Australia’s Emissions Reduction Law critical for climate goal
The House of Representatives of Australia is moving ahead with passing of Labor’s bill that will enshrine emissions reductions targets for 2030 and 2050 for the country. The development followed after the Greens signaled of supporting the legislation and Liberal MP Bridget Archer confirmed she would “cross the floor”. A bill to enshrine the center-left Labor Party’s pledge to reduce country’s greenhouse gas emissions by 43 per cent below 2005 levels by 2030 was the first legislation to be introduced to the Parliament’s last week session for the first time since May elections.

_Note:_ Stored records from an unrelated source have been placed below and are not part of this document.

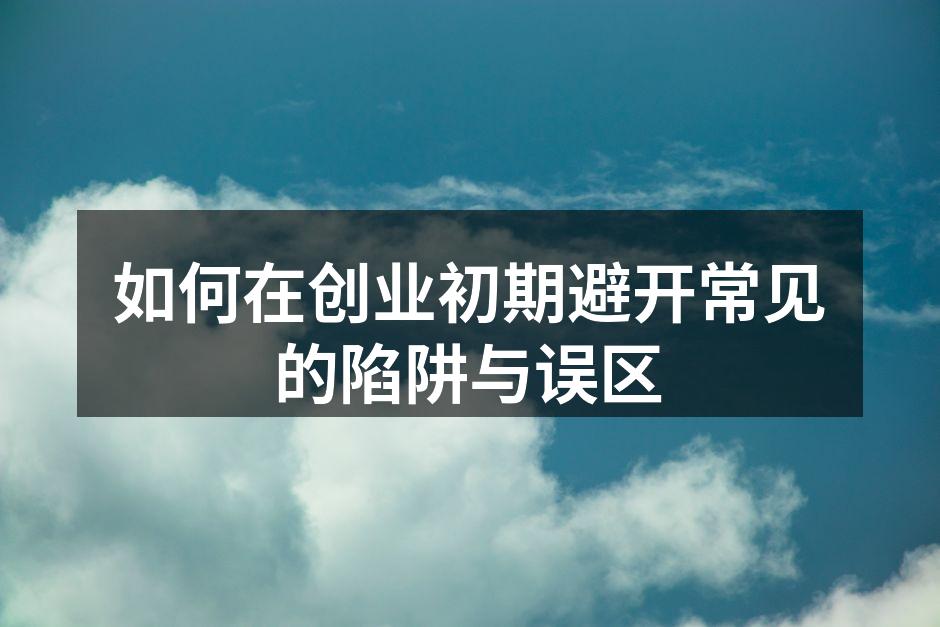 如何在创业初期避开常见的陷阱与误区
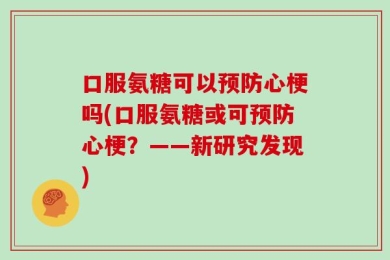 口服氨糖可以预防心梗吗(口服氨糖或可预防心梗？——新研究发现)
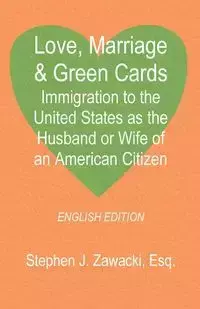 Love, Marriage & Green Cards - Zawacki Stephen J.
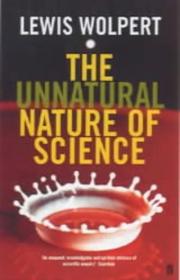 Cover of The unnatural nature of science by Lewis Wolpert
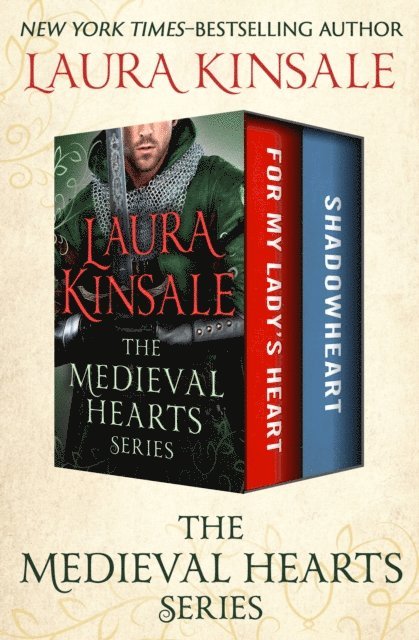 Laura Kinsale - Medieval Hearts Series, E-bok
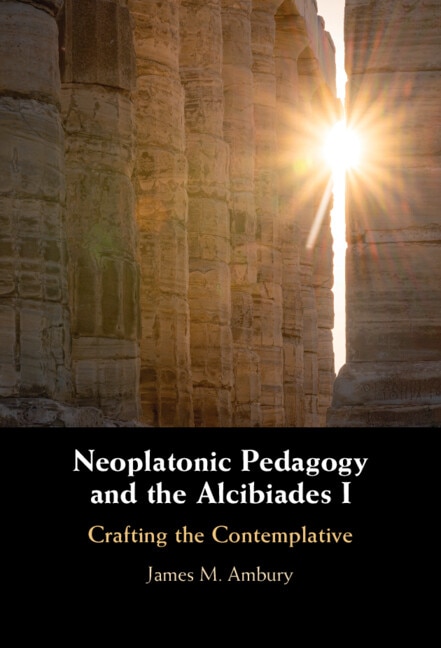 Couverture_Neoplatonic Pedagogy and the Alcibiades I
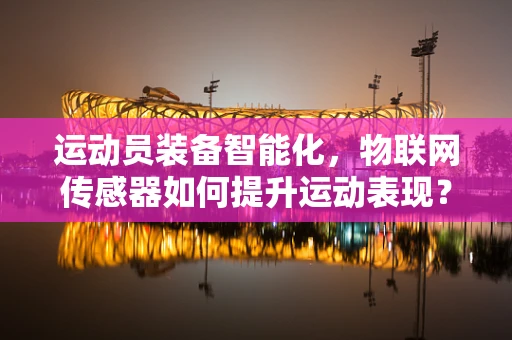 运动员装备智能化，物联网传感器如何提升运动表现？
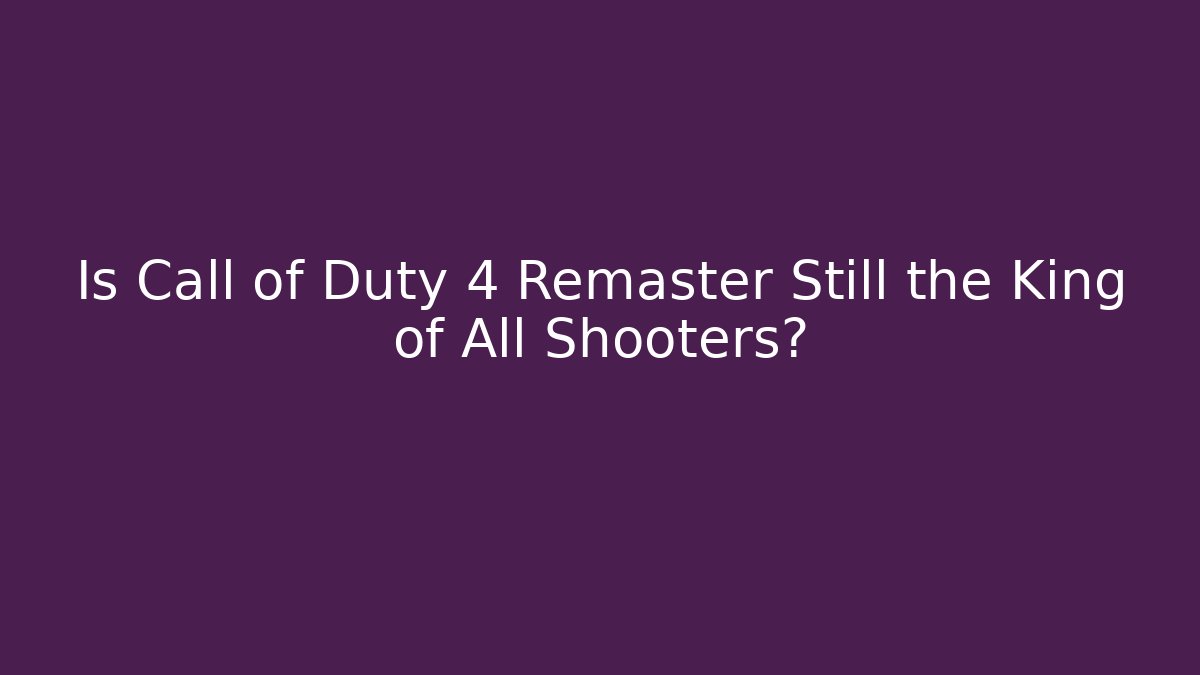 Is Call of Duty 4 Remaster Still the King of All Shooters? - Critter Realm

Enough support to the emission law
Prime Minister Anthony Albanese’s government has negotiated enough support for the passage of bill in Senate without changing the 43 per cent commitment. “I am very confident that it will be passed through the House of Representatives and through the Senate,” Albanese said to the media.
“All 12 senators of the minor Greens party, which wants a 75 per cent emissions reduction by the end of the decade, had agreed to support the amended bill,” Greens leader Adam Bandt said. “The Greens have improved a weak climate bill and we will pass it,” Bandt told the National Press Club.
“But the fight to stop Labor’s new coal and gas mines continues and, in this Parliament, the only obstacle to stronger climate action is Labor,” he added.
A booster for clean energy
Climate Change Minister Chris Bowen said expressing confidence that a “legally enforced” target would be a booster for confident investment in clean energy.
The conservative coalition in Australia led by former Prime Minister Scott Morrison, that was in power up until the election, was not ready to shift its stand from the 2015 Paris commitment to reduce emissions around 26 per cent to 28 per cent.